Nemerov has been always “unromantic” in treating the nature, and he recurrently employed “science” in his selection of substance. He is extremely romantic in some of his poems. He has especially treated science and spiritualism as practical subjects in his poetry. They are presented and elaborated in simple poetic terminology and easily understandable to the readers. They have been treated in the most formal way. In the poems like “The Vacuum,” he simply keeps himself shoulder to shoulder with T. S. Elliot. He joined the ranks of those poets who wrote poetry on simple things like a vacuum cleaner which is easily understandable to the lay man. The vacuum is a symbol of his wife and the life they had passed together.
It is both an association between the speaker and his wife, as well as a figure of death–it “grins” into the ground, displaying not only the conventional figure of death (grinning as it devours people) but also the present location of his wife (underground); and it likewise has a “stopped lung,” linking the vacuum’s bag with his wife’s dead body, and presenting a very explicit picture of his wife and while also dislodging it.
The last stanza, where Nemerov alliterates and makes consonance (e.g., “Hungry, angry heart hangs on and howls”), is really conspicuous because the vacuum is not only a link between his wife (since she used it so often) and death (as pointed out earlier) but also with the speaker since the biting at air is a vividly poetic depiction of both what a (personified) vacuum does and what a distressed husband does when his wife has died. So in other words the vacuum is not only a symbol of the taking apart of husband and wife but also a linking point between them.
Comparing his dead wife with a “Vacuum” cleaner, the poet basically associates her with the household duties. Women are basically known for their interest in the duties inside their homes and, especially, they try to keep their houses clean and neat. The poem also reveals that the poet’s dead wife was a clean and neat lady. The poet compares her with the vacuum machine so as to show that she had deep impact on his life after her heartrending departure; and a vacuum has been created in his life.
In “The Vacuum”, Howard Nemerov has used this cleaning machine to symbolize the dead lady. Various figures of speech have been utilized to convey the speaker’s memories and feelings.
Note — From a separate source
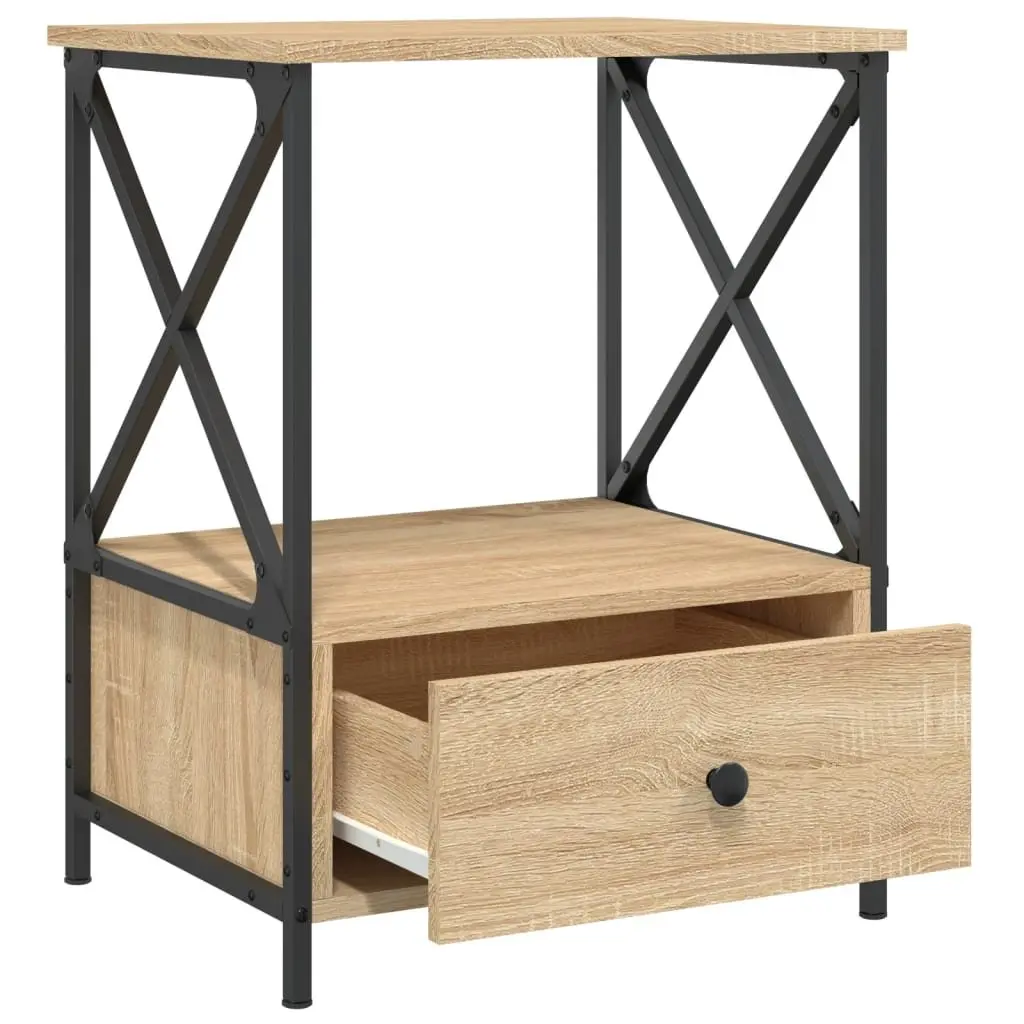 Bedside Tables Storage 50x41x65 cm Brown 2 pcs Engineered Wood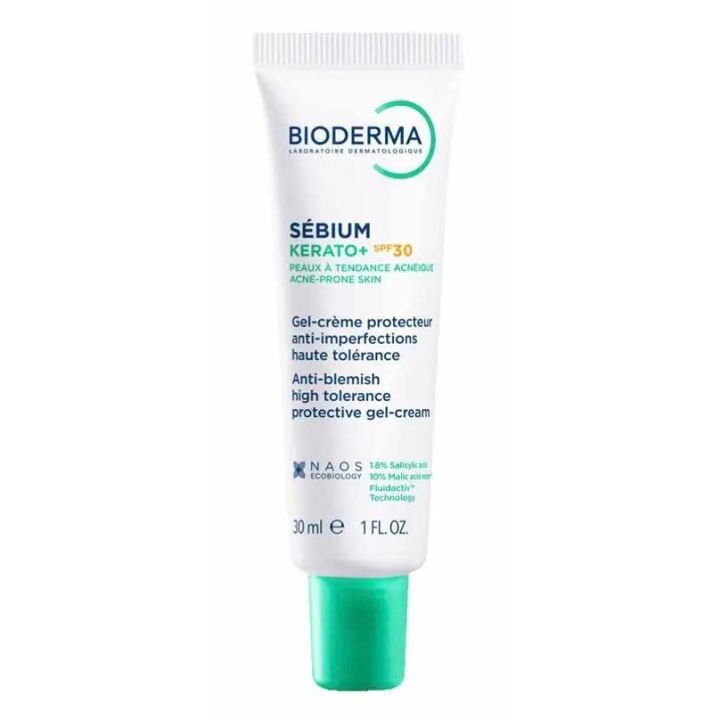 Sébium Kerato+ gel-crème protecteur anti-imperfections SPF30 Bioderma - tube de 30ml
When he looks at the machine, he remembers his wife and the life they had together. He describes his memories by using different figures of speech such as personification, similes, metaphors, and traditional symbols which, in a way, leave a lasting effect on the readers.
The noise of the vacuum cleaner symbolizes the activities of life inside the home but since his wife has passed away, the machine lies in the corner of the home without any noise and activity. This has brought a vacuum in the poet’s life as his “house is so quiet now.” The line “The vacuum cleaner sulks in the corner closet”, where the poet personifies his dead wife with the machine that lies idle now, beautifully conveys the effect of the boring and dull life that the poet is destined to live now.
The use of similes is another figure of speech that the poem appears with. The vacuum cleaner (bag limp as a stopped lung) makes a comparison between the non-functioning vacuum bag and the non-breathing human lung of his dead wife. Traditionally, Lungs are a symbol of life and breathing. The vacuum cleaner is as inactive as the poet’s dead wife is; thus adding to the machine’s personification as a living being but dead now.
The poet also uses another simile when he says that he can no longer operate the machine, as he can not afford to hear the noise “To see the bag swell like a belly.” His life is “cheap as dirt” which symbolizes how useless the life of the poet is without his wife.
The vacuum cleaner is also the clean soul of the speaker’s wife. He treats it as a person and remembers her when he looks at it. In the past, his wife was clean and neat as the machine signifies which she once used for keeping the house clean. Presently, the poet’s life is dirty and slovenly and he can no longer exhaust himself by using the machine to keep the house clean and neat as his wife did when she was alive (maybe my/slovenly life, my dog-dead youth).
The speaker metaphorically describes that there is “old filth everywhere” in his house because the one that cleaned the house is no longer here. His “heart hangs on and howls; biting at air” is another metaphor which means that there was a noise in his life when his wife was alive because she used to operate the machine, but now he makes howling noises out of the pain that he feels after the loss of his wife.